Regie: Nick Stagliano
Mit: Anson Mount, Abbie Cornish, Anthony Hopkins u.a.
 
Wenn man ein Leser von Krimis über Auftragskiller ist (Barry Eisler erfand „John Rain“, Tom Wood erfand „Victor“, jeweils keine hohe Lektüre, aber eine hoch spannende), dann kann einem der Film „Virtuoso“ nichts Neues erzählen. Obwohl zu Beginn Geigenmusik erklingt, ist der Virtuose des Titels kein Teufelsgeiger, wie durchaus zu erwarten wäre, sondern besagter Auftragskiller, dessen Stimme aus dem Off kommt und der uns alles erzählt, was man über diesen Job wissen muß. Zum Beispiel, daß man ein Schatten sein muß, der keine Spur hinterläßt. Dass man Zeit zum Planen braucht, wenn es wie ein Unfall aussehen soll. Und noch ein paar Kleinigkeiten.

Aber irgendwo muß ja der hoch bezahlte, schwierige Auftrag her kommen, jemand Wichtigen umzulegen, und da tritt der Mentor auf. Vielmehr Anthony Hopkins, der einzige erstklassige Name in einem eher zweitklassig besetzten Thriller, der wenige Überraschungen bietet. Als Auftraggeber, der seinen Killer (eher farblos: Anson Mount) auf dem Friedhof trifft und diesen in einem langen Monolog wieder einmal motivieren muß, weil zuvor etwas schief gelaufen ist. Also stellt man das Morden gewissermaßen als nichts Besonderes hin, im Krieg (offenbar war der „Mentor“ mit Virtuosos Vater gemeinsam in Vietnam) hat man es ja auch getan… Die Menschenverachtung kommt Hopkins mit schauriger Selbstverständlichkeit von seinen Lippen. Dennoch fällt auf, daß der Text so schwach ist, daß auch ein Hopkins, der für fast alles, was er spielt, einen „Oscar“ verdient, nicht wirklich überzeugend wirkt.

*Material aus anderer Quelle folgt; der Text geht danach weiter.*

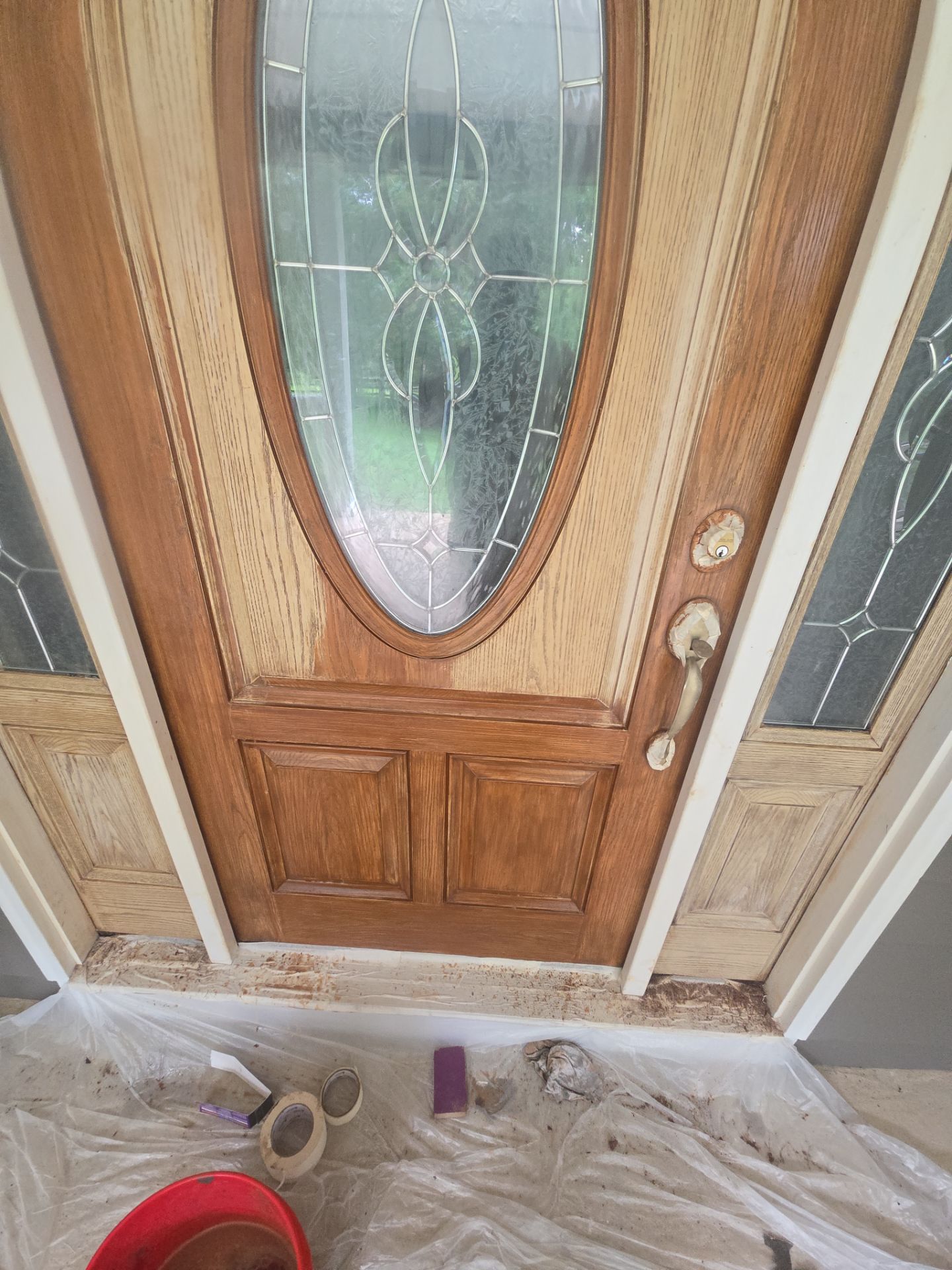Siding replacement, exterior painting, and front door staining. by GonzalezPainters & Contractors Inc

Wenn man nur wegen ihm in diesen Film gegangen ist – es zahlt sich dieser einen Szene wegen fast nicht aus.
Dann beginnt die Geschichte, aber es wird kein temporeicher Thriller daraus, sondern eine eher langsame Sache, die auf ein Psychoduell zweier Persönlichkeiten hinaus läuft. Denn der Killer, dessen Namen man nicht einmal erfährt, ist in einen seltsamen Auftrag hineingezwungen worden (kein Mensch mit Verstand hätte sich darauf eingelassen). Er weiß nicht einmal, wer sein Opfer ist, in einem abgelegenen Lokal wird alles klar sein. Oder?

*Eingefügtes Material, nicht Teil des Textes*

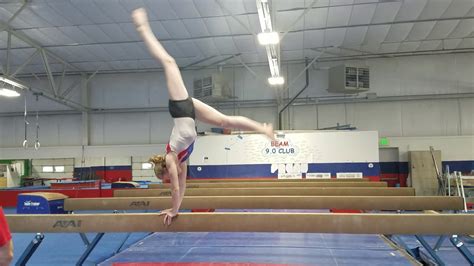 Back walkover on high beam - YouTube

Da sitzen ein paar verdächtige Leute herum, die er beäugt und verdächtigt, ohne sich entscheiden zu können, und da ist eine Kellnerin, die wohlwollende Blicke auf ihn wirft. Abbie Cornish strahlt zu Beginn genau die geforderte Durchschnittlichkeit aus, die man in diesem Milieu erwartet, wird aber nach und nach geheimnisvoller.
Der Killer weiß natürlich, daß er sich während eines Jobs auf gar nichts einlassen darf, und wenn er sich dann doch verführen läßt, schrillt der Alarm, daß die Kellnerin vielleicht von der Gegenseite auf ihn angesetzt worden ist? Oder ist sie so unschuldig und ahnungslos, wie sie sich erschrocken und ratlos gibt, als er fragt: „Wer hat Dich geschickt?“
Kurz, der Film wird zur seltsam diffusen Liebesgeschichte, bis zu einer Schlußpointe, die der erfahrene Leser von Auftragsmörder-Krimis längst erraten hat. Nur – die Bücher sind allemale spannender als dieser Film von Nick Stagliano, der mit etwas besserer Struktur des Drehbuchs und griffigeren Darstellern vom Thema her weit mehr Potential gehabt hätte.